Floating Ramble - Brown-Shoes
Summer 1963 was PCS and the Navy flew us to Japan after my graduation from the Univ of Michigan. Linda and the children had taken the train to Pensacola, leaving me in Ann Arbor for final exams then drive south. After a week in Panama City, we headed for San Francisco; overnight in New Orleans on Malinda’s fifth birthday. Next day we stopped in Sherman, Texas to visit Malinda’s godmother Marie Louise Hagler and family. Life there was interesting, in The Help style of old Southern elegance that my father liked to call “decayed aristocracy.” Cooks in the kitchen, Dorchester the butler formally serving the evening meal. You certainly did not serve yourself; Dorchester held the serving dish and spooned your serving onto your plate. What brought this to mind? Mr. Merdle in Charles Dickens' Little Dorrit, his Chief Butler.

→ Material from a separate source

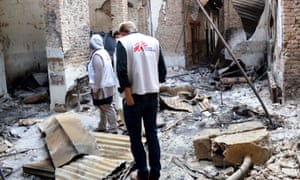 MSF staff stand in their destroyed hospital in Kunduz.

A day or so later we arrived in San Francisco, reported to The Presidio for processing, fearing we would be assigned to a prop plane that took days to fly to -- what -- Honolulu, Guam, ultimately Japan. But we lucked out and went on a Flying Tiger Line Boeing 707. San Francisco to Alaska, our first view of Mount McKinley out the port window of the aircraft. Refuel in Alaska, then on to Haneda, Tokyo. As we settled into the flight pattern for landing, me uniformed properly to report for duty in service dress blue bravo (white cap cover) holding Jody (shed Jody for Joe upon turning eleven), who started crying, then gulping, burping, urping, ultimately vomiting all over my blue Navy uniform as the wheels touched the runway. The host officer greeting us was a lieutenant who had been an ensign with me at a Navy school some years earlier.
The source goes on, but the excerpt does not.